* Record excerpts *
——

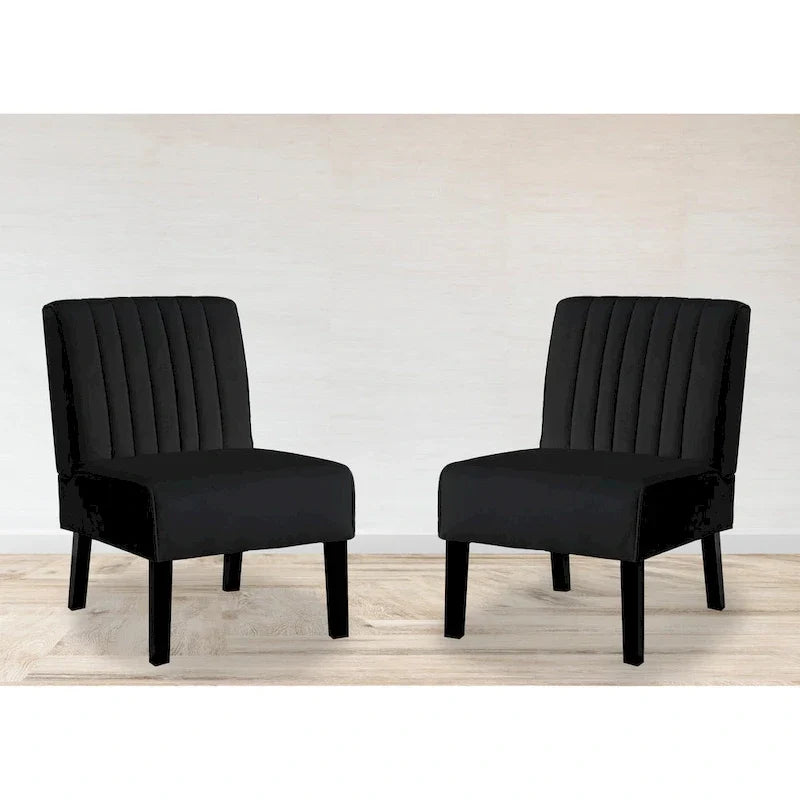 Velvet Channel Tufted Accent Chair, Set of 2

——

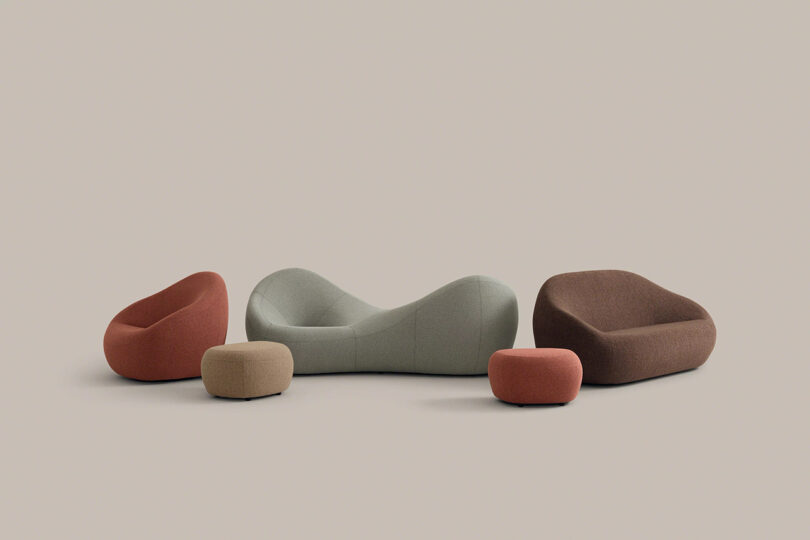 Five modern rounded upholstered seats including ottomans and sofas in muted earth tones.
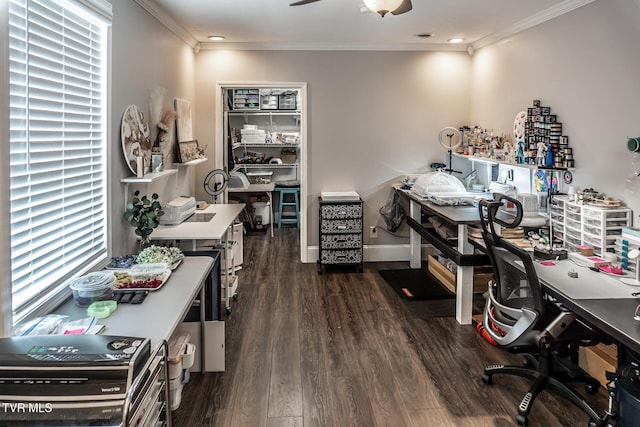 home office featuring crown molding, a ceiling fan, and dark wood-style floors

——

* What to do *
From the listing above, please give again the lines that begin with the line holding "Five modern rounded" and go on through the line holding "home office featuring", exactly, both ends included, minus any picture.

* Output for this exercise *
 Five modern rounded upholstered seats including ottomans and sofas in muted earth tones.
 home office featuring crown molding, a ceiling fan, and dark wood-style floors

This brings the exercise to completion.